Visualizations of covering spaces and their applications to geometry and video games

topology
geometry
visualization
English
Author

Luca Leon Happel

Published

March 1, 2026

Abstract

We explore covering spaces — spaces that locally look like the “repetitions” of a base space. A key insight is, that we can gain hyperbolic geometry by looking at the universal cover of a surface of genus \(g \geq 2\).

Covering spaces are a fundamental concept in topology. Some typical examples can be seen in this previous post.

Definition 1 A covering space of a topological space \(X\) is a topological space \(C\) together with a continuous surjective map \(p: C \to X\) such that for every point \(x \in X\), there exists an open neighborhood \(U\) of \(x\) such that \(p^{-1}(U) \cong F \times U\) for some discrete set \(F\) (called the fiber over \(x\)), and the map \(p\) restricted to each component of \(p^{-1}(U)\) is a homeomorphism onto \(U\).

Definition 2 A homeomorphism between topological spaces \(X\) and \(Y\) is a bijective map \(f: X \to Y\) such that both \(f\) and its inverse \(f^{-1}: Y \to X\) are continuous. Explicitly:

  1. \(f\) is a bijection,
  2. \(f\) is continuous (preimages of open sets are open),
  3. \(f^{-1}\) is continuous (images of open sets are open, i.e. \(f\) is an open map).

If such an \(f\) exists, \(X\) and \(Y\) are called homeomorphic, written \(X \cong Y\).

Homeomorphisms are precisely the isomorphisms in the category \(\mathbf{Top}\) of topological spaces and continuous maps.

Example of a homeomorphism between a doughnut and a coffee cup

Example of a homeomorphism between a doughnut and a coffee cup

Typical example illustrating a covering space

Typical example illustrating a covering space

Definition 3 A universal cover of a topological space \(X\) is a covering space \(\tilde{X}\) of \(X\) that is simply connected, meaning that it has no nontrivial loops. The universal cover is unique up to homeomorphism and serves as a “universal” object in the category of covering spaces of \(X\).

The universal cover of a doughnut

A filled torus (a doughnut) is a 3-manifold homeomorphic to \(S^1 \times D^2\), where \(D^2\) is the 2-dimensional disk. There exists a deformation retract from the doughnut to a circle, so the fundamental group of the doughnut is \(\pi_1(S^1 \times D^2) \cong \mathbb{Z}\).

But what does any of that even mean? Let’s visualize the universal cover of the doughnut. Let us start with Bob, who lives in the following little world:

Bob’s world

Bob’s world

When Bob drives along the road past the stop sign, he will eventually return to the same point at which he started. However, he would reach invisible walls, it he intended to walk along the grass, or jump to the sky. The road is the only way to get around, and it loops back on itself.
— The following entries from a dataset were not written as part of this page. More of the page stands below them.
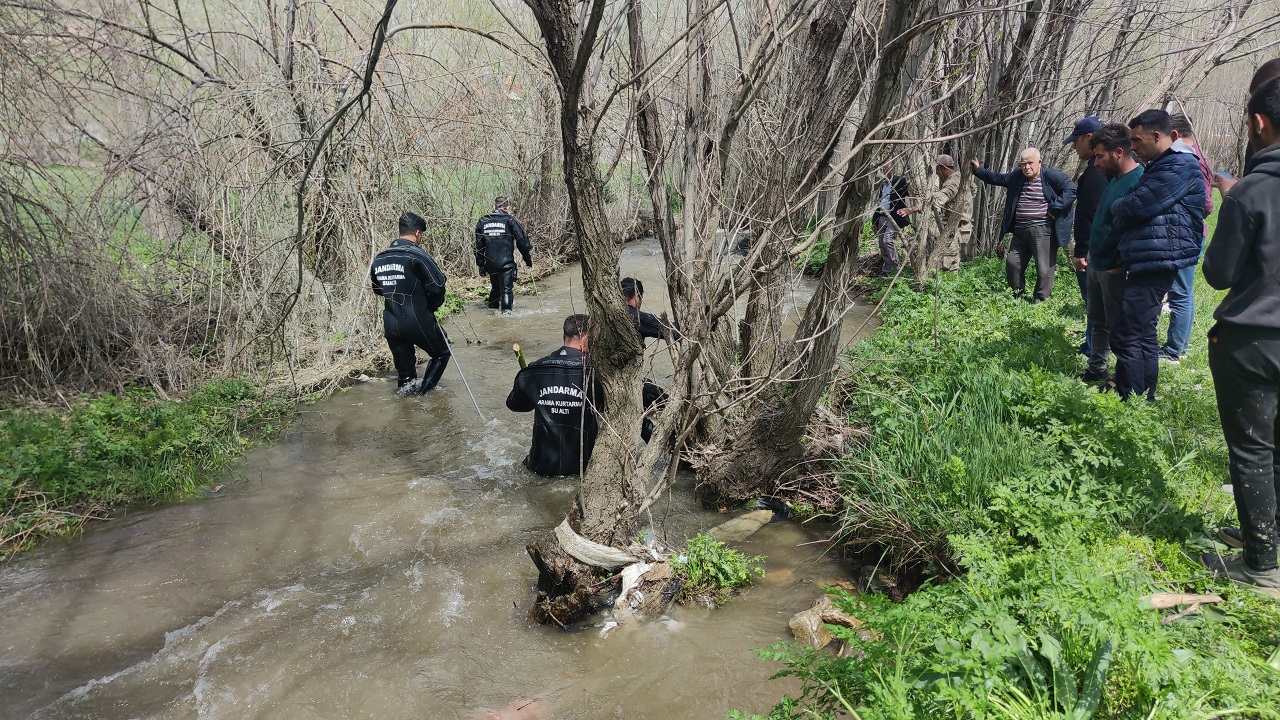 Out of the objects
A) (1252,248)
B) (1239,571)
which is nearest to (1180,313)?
(1252,248)

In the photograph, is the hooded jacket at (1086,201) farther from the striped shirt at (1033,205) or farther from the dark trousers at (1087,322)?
the striped shirt at (1033,205)

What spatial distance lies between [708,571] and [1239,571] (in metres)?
2.46

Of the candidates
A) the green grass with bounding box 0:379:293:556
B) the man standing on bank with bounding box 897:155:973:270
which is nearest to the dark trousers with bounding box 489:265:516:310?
the green grass with bounding box 0:379:293:556

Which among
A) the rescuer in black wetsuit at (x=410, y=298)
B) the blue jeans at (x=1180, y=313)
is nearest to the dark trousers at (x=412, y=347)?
the rescuer in black wetsuit at (x=410, y=298)

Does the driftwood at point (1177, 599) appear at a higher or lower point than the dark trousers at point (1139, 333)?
lower

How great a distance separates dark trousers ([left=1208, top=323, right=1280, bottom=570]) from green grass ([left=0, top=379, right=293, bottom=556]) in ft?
21.3

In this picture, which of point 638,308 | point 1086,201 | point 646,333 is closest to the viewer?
point 638,308

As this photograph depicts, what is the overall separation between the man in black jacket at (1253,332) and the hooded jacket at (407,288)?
6265 millimetres

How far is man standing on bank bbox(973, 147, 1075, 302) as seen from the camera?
771 cm

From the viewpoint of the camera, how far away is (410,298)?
749cm

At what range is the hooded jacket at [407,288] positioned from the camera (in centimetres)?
741

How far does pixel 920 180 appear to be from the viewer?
9977 millimetres

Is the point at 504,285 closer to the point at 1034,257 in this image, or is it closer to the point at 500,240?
the point at 500,240

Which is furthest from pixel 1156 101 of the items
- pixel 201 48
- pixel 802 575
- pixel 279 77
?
pixel 201 48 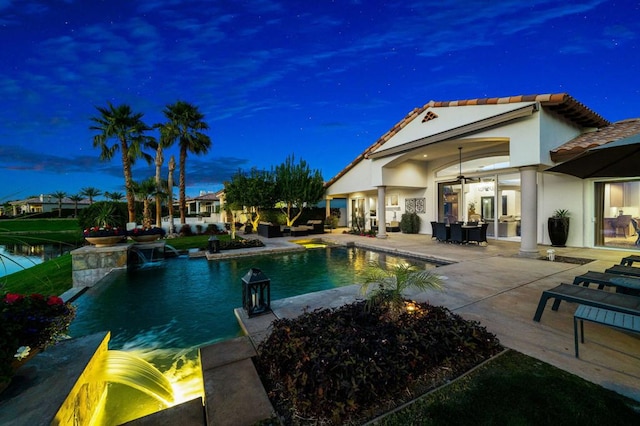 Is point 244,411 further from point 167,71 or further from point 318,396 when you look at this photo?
point 167,71

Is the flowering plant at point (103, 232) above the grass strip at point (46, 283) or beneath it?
above

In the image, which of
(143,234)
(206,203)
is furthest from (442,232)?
(206,203)

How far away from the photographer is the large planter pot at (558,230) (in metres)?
9.58

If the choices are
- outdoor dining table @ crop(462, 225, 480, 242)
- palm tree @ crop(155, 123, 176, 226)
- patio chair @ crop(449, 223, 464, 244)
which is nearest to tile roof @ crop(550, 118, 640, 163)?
outdoor dining table @ crop(462, 225, 480, 242)

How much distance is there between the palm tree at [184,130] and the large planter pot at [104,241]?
31.4 ft

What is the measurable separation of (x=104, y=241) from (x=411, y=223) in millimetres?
14253

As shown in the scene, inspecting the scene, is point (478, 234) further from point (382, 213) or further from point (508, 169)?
point (382, 213)

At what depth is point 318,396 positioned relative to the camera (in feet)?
6.94

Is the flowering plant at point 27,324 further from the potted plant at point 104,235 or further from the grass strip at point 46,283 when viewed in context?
the potted plant at point 104,235

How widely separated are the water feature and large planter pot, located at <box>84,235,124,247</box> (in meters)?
1.35

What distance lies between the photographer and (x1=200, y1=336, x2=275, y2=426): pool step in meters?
1.96

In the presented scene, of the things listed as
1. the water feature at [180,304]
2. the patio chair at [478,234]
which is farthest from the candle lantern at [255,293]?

Topologically, Bobs world is a doughnut, and the road is a loop around the hole of the doughnut. If we were to stretch it (don’t worry, this wont harm Bob, he does not even notice!), we would get the following picture:

Bob’s world stretched

Bob’s world stretched

These kinds of worlds typically occur in video games, and famously the ideas which I will elaborate on in this post were used in the Super Mario 64 community to “hack” the game to achieve various speedrunning goals:

(This is where the famous “but first, we will need to talk about parallel universes” quote comes from. In the SM64 community, covering spaces are known as “parallel universes”). Wheather intentional (like in Pacman) or unintentional (like in Super Mario 64, due to casting floating point numbers to short ints), it is often the case that walking in a straight line long enough will eventually lead you back to the same point.
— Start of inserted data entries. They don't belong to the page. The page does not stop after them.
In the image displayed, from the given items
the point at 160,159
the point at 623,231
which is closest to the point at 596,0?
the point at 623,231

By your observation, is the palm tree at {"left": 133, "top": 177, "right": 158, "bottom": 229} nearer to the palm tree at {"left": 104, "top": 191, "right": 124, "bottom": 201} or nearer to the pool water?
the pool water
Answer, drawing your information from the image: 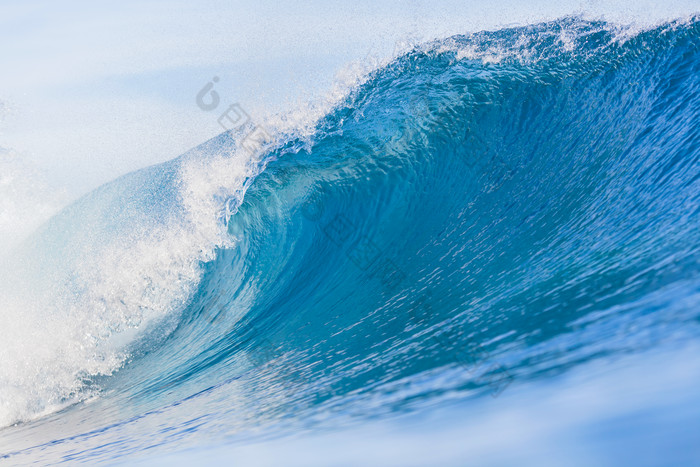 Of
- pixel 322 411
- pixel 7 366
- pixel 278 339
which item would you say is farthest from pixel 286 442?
pixel 7 366

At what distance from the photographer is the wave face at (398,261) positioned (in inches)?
99.6

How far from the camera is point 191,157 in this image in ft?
26.7

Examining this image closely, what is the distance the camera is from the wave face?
2.53m

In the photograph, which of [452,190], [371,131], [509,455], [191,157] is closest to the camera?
[509,455]

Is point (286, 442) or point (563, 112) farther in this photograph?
point (563, 112)

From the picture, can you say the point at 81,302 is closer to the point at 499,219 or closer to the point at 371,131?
the point at 371,131

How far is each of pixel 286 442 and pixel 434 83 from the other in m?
6.01

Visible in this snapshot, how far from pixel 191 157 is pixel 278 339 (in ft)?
16.1

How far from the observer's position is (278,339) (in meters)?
4.28

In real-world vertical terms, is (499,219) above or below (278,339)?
below

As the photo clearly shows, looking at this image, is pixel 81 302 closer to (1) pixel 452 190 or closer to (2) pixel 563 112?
(1) pixel 452 190

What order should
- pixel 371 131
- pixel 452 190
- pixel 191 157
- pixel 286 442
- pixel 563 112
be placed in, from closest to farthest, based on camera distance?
1. pixel 286 442
2. pixel 452 190
3. pixel 563 112
4. pixel 371 131
5. pixel 191 157

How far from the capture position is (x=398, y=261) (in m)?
4.62

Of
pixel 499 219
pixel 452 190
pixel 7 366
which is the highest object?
pixel 7 366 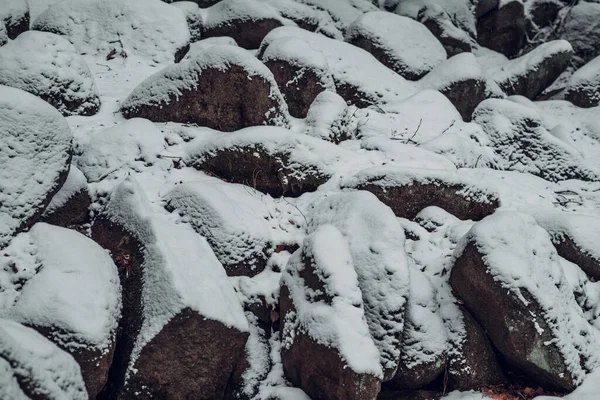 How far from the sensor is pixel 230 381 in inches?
171

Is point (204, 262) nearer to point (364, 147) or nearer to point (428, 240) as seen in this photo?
point (428, 240)

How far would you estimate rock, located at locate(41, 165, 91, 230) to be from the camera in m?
5.02

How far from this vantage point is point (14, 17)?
8.16m

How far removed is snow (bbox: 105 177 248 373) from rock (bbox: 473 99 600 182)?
531 cm

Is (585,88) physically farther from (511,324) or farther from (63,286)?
(63,286)

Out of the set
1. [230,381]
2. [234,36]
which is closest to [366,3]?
[234,36]

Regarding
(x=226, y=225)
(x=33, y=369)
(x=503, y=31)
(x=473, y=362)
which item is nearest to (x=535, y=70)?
(x=503, y=31)

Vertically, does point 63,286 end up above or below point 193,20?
above

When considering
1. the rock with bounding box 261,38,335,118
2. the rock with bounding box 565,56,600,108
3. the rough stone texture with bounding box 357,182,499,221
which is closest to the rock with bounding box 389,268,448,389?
the rough stone texture with bounding box 357,182,499,221

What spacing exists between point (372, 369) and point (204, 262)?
1.67 meters

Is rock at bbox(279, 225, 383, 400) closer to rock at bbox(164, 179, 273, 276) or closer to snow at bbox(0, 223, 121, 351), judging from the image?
rock at bbox(164, 179, 273, 276)

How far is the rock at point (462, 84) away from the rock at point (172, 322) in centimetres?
657

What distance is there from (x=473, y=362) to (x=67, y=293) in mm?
3552

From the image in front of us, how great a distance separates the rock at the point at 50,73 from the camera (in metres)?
6.38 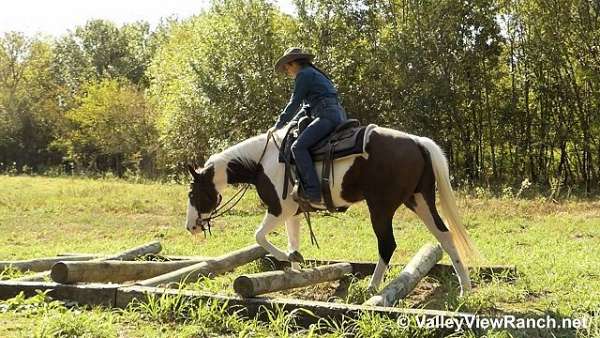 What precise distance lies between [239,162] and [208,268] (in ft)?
4.58

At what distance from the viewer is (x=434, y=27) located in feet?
76.7

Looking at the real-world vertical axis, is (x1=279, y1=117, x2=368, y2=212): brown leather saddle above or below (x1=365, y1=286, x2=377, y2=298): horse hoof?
above

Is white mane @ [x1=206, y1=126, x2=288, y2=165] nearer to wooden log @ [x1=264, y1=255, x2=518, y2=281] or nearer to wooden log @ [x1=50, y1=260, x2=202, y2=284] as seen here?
wooden log @ [x1=50, y1=260, x2=202, y2=284]

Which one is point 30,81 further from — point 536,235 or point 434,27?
point 536,235

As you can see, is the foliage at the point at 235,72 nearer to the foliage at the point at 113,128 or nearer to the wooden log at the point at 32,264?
the foliage at the point at 113,128

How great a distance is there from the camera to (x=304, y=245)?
10.7 metres

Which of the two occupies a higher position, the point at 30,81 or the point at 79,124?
the point at 30,81

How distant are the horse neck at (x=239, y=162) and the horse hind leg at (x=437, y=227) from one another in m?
1.93

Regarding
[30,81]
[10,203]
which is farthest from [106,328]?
[30,81]

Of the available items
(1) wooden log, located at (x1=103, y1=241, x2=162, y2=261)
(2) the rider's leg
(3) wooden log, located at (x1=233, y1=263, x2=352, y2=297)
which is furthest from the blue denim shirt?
(1) wooden log, located at (x1=103, y1=241, x2=162, y2=261)

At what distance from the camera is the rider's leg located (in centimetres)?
640

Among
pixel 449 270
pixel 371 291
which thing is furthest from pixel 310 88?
pixel 449 270

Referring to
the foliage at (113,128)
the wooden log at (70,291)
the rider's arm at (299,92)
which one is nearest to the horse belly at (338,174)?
the rider's arm at (299,92)

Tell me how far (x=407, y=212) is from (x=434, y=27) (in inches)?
429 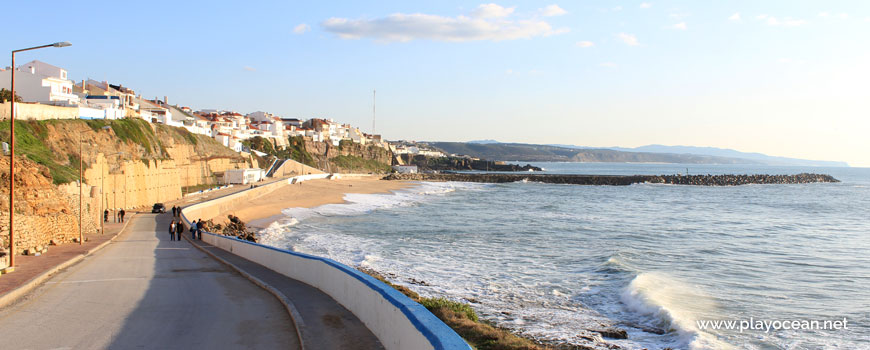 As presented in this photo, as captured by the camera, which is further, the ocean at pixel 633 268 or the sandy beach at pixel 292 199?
the sandy beach at pixel 292 199

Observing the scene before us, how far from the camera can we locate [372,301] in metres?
8.12

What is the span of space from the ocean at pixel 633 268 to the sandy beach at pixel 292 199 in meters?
2.64

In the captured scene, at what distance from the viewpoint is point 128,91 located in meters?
83.4

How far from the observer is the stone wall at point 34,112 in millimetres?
35438

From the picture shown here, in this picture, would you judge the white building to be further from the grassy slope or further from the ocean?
the ocean

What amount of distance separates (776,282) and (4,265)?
20742 mm

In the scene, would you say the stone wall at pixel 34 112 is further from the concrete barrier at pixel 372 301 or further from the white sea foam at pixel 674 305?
the white sea foam at pixel 674 305

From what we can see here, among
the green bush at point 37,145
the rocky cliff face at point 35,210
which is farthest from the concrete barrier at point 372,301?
the green bush at point 37,145

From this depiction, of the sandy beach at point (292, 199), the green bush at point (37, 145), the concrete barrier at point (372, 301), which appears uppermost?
the green bush at point (37, 145)

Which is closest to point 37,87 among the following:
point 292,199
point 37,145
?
point 37,145

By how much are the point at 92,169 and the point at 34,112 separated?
8226 mm

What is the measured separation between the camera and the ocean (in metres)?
13.2

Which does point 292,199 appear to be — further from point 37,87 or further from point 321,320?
point 321,320

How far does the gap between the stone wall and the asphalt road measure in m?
25.6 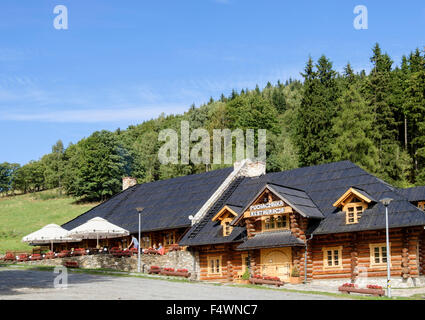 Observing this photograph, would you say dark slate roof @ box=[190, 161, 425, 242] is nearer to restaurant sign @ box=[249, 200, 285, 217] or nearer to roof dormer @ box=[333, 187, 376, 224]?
roof dormer @ box=[333, 187, 376, 224]

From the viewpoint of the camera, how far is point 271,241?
35219 millimetres

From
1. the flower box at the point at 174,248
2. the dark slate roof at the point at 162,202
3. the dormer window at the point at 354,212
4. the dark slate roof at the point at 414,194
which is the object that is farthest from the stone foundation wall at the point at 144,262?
the dark slate roof at the point at 414,194

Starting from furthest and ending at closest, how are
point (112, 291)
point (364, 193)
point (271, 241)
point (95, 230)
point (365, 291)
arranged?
1. point (95, 230)
2. point (271, 241)
3. point (364, 193)
4. point (365, 291)
5. point (112, 291)

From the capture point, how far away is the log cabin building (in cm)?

In the case of SM64 however, only the collision detection code is affected by this floating point arithmetic, but not the rendering engine. So there actually are some differences between the “parallel universes” in SM64. In particular, when Mario moves to a different parallel universe, the same collisions are still detected, although he is rendered as floating in an empty space. We can encode this also in Bobs world:

Lets assume, we would double, triple, quadruple, etc. Bobs world and stack these copies on top of each other. Bob would never notice, as long as each copy is just a “shallow” copy, meaning that each movement in the fundamental domain (the original world) is mirrored in the copies. In this case, we would have a covering space of Bobs world, and the original world would be the base space.

Bob’s world stacked once

Bob’s world stacked once

Bob’s world stacked twice

Bob’s world stacked twice

Bob’s world stacked three times

Bob’s world stacked three times

You could now imagine if we would do the same for SM64. Only there, we would not render any of the terrain, but only Mario himself for the copies.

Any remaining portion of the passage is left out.